First arrests made in Danske Bank dirty money case

An international criminal investigation into Danske Bank has led to the first group of bankers being apprehended, and prosecutors say more will probably follow.

First arrests made in Danske Bank dirty money case

An international criminal investigation into Danske Bank has led to the first group of bankers being apprehended, and prosecutors say more will probably follow.

Police in Estonia have detained ten former Danske employees, in connection with what may be Europe’s biggest-ever money laundering case. The country’s head of central criminal police, Aivar Alavere, said the group is thought to have acted as a “network” and is suspected of having knowingly enabled laundering. Two of the suspects are also thought to have facilitated or taken bribes.
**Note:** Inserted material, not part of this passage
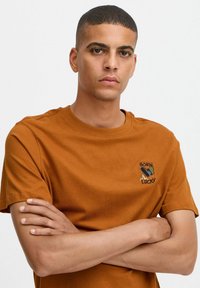 Brun bomulds T-shirt med rund halsudskæring, korte ærmer og et firkantet broderet mærke med teksten "BORN LUCKY" og et grafik.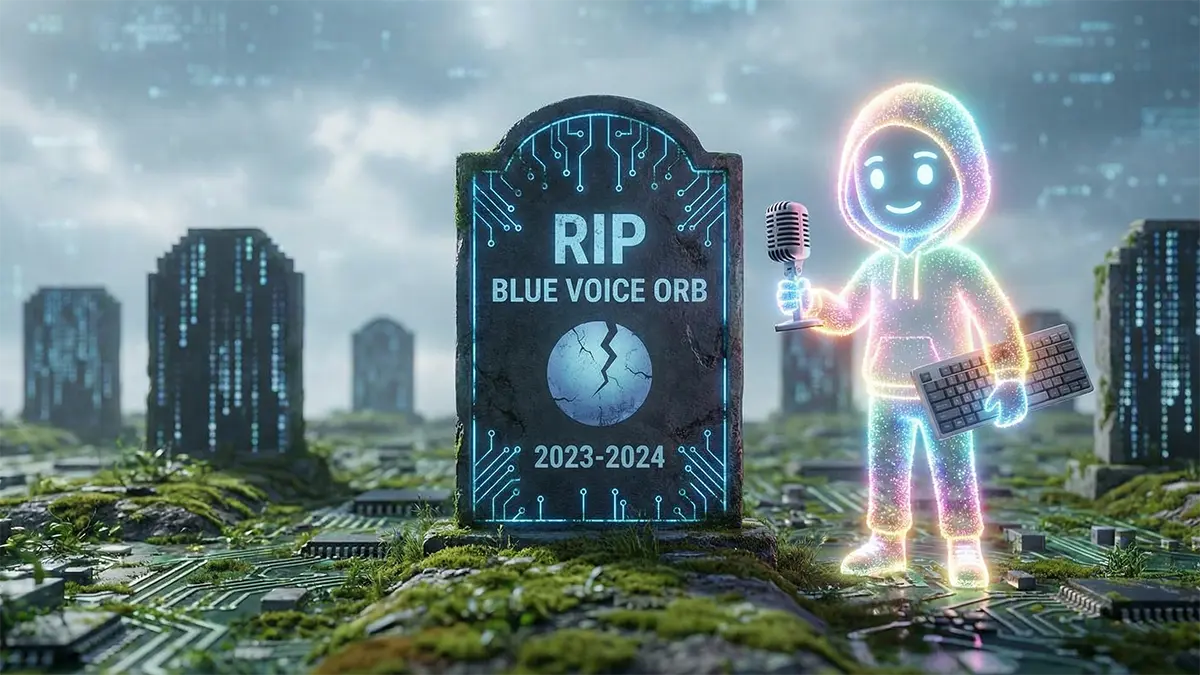 Ein Grabstein mit dem blauen Voice Orb von ChatGPT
The prosecutor general in Tallinn, Lavly Perling, said that the detentions were tied to about €300m in suspicious transactions that have been traced back to crimes committed in Azerbaijan and Georgia, more specifically tax fraud and embezzlement.

It’s “very likely” the number of suspects related to the Danske investigations will grow, Mr Alavere said.

Denmark’s biggest bank has admitted that much of about $230bn (€201bn) that flowed through an Estonian branch between 2007 and 2015 was probably suspicious in origin.

Since acknowledging the dubious trades, Danske has purged its upper ranks, removing its chief executive and chairman, and reporting eight employees in Estonia to the police. The bank has so far asked authorities in Estonia to investigate €25bn in questionable transactions.

Danske is under criminal investigation not only in Estonia and Denmark, but also in the US. The development has unnerved investors, who are now bracing for hefty fines. Danske’s share price has plunged more than 40% this year, wiping over $15bn off its market value.

The latest developments shed more light on the length and depth of the investigation into Danske.

Estonian police said they initiated their probe back in November 2017, which is earlier than previously thought. Past efforts to dig up evidence had stalled due to a lack of proof. But media reports helped revive the investigation.

Prosecutors said a criminal complaint by Hermitage Capital founder, Bill Browder, also helped support their probe, allowing them to continue digging.